§ **Provided records**
——————

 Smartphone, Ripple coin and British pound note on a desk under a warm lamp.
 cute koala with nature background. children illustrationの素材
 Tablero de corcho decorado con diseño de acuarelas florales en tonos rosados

——————

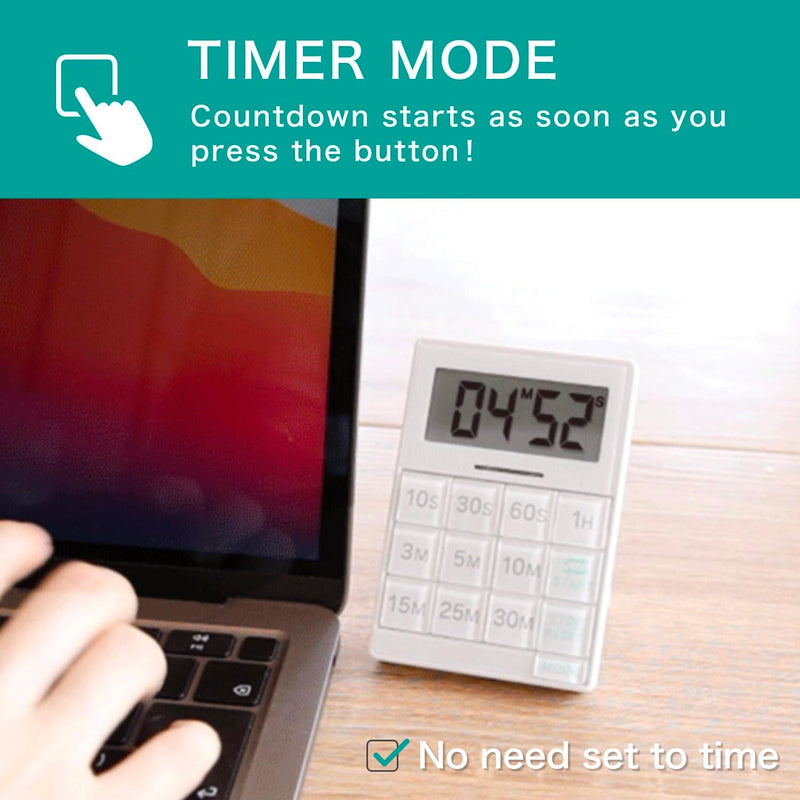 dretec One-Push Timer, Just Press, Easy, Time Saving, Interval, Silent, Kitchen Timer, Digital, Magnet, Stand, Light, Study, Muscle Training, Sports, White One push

——————

§ **Exercise directions**
In the data above, find the line with "Smartphone, Ripple coin" and the line with "Tablero de corcho". Retype both, plus every line between them, exactly.

§ **Result of the exercise**
 Smartphone, Ripple coin and British pound note on a desk under a warm lamp.
 cute koala with nature background. children illustrationの素材
 Tablero de corcho decorado con diseño de acuarelas florales en tonos rosados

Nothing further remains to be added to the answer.